From Mike Petrilli at 9:26 pm:

If it’s everything in the chain below, yes.

On Fri, Oct 9, 2015 at 9:18 PM, Diane Ravitch wrote:

Mike, would you be okay with my posting your exchange with Jeannie Kaplan?

Diane Ravitch

On Oct 9, 2015, at 3:30 PM, Jeannie Kaplan wrote:

Sorry, Mike, but I totally disagree with you. When you make reducing the gap a main tenet of measuring success and this gap increases for ten years, you are failing. That’s like changing the rules in the middle of the game. But I guess it is all about winning, just not for the students.

And I would love to hear what you see as success in Denver. We have more segregated schools than any time since before bussing, we have the highest teacher turnover of any district in the metropolitan area, we have the most bloated administration in recent memory, etc., etc. The bottom line for me is telling the truth, and the truth is Denver is our kids are not being educated. That’s what matters. Taking tests isn’t educating. Reducing curricula isn’t educating. Pretending this is success isn’t telling the truth. My greatest fear when I was first elected in 2005 was Denver would be left as a district for those who have no other choice. I believe that is what we could easily be seeing in the not too distant future, especially when you have a board and administration that absolutely refuses to listen to anyone but themselves. And, frankly, like you, insist this is success.

Show me the (money) progress! And don’t cite 1+% gains. For all the hoopla that doesn’t cut it. The first Denver plan (2006) had very high standards and goals, none of which were ever reached. No accountability. I get asked repeatedly, where is the accountability and why does Tom Boasberg still have his job? Because when you buy the board and when you have no press, and when you have organizations like yours pretending this is working, you can say whatever you want and no one challenges. Reformers here have been very clever – a form of mayoral or superintendent control of the board without asking the voters to approve it. We are outgunned financially. Your side has poured 300,000 dollars per race into getting the six board members elected. I will expect nothing less this time.

And meanwhile, as your side hides the truth or spins it, our children and communities and Dps employees suffer. But you are certainly winning the pr battle!

Jeannie

On Oct 9, 2015, at 3:14 PM, Michael Petrilli wrote:

Hi Jeannie. What I’m saying is that we might find some common ground here. Looking literally at gaps turns everything into a zero sum game. Certainly we don’t want to root for white or Asian or middle class kids to do worse.
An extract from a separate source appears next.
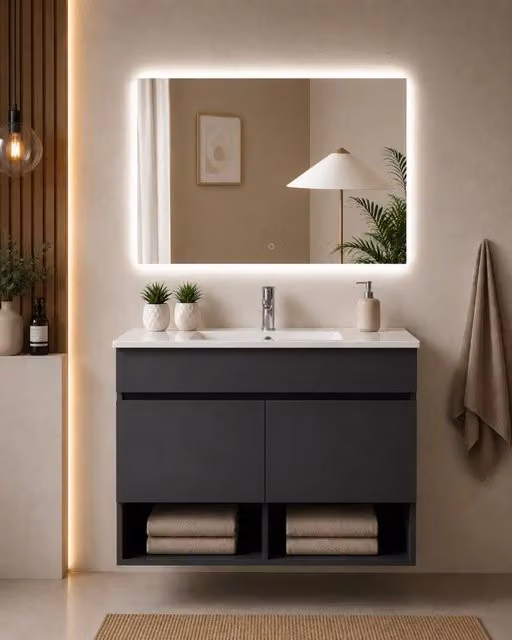Mobile bagno sospeso con lavabo ORIGENBATH NEBARI con ante 90x45 cm grafite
The right goal is to see progress across the board. Which is what Denver is demonstrating. Not that it’s perfect, but its progress is real, and promising.

Mike

******

On Fri, Oct 9, 2015 at 3:05 PM, Jeannie Kaplan wrote:

We seem to be crossing emails. Answering this I would say when reformers claim to be all about data, and when they point to reducing the gap as a mark of success, and when the Denver public schools has seen an increase in the gap in all three academic subjects based on free/reduced lunch as well as ethnic categories – white v. Black and Hispanic – for ten years it just might be time to try something different.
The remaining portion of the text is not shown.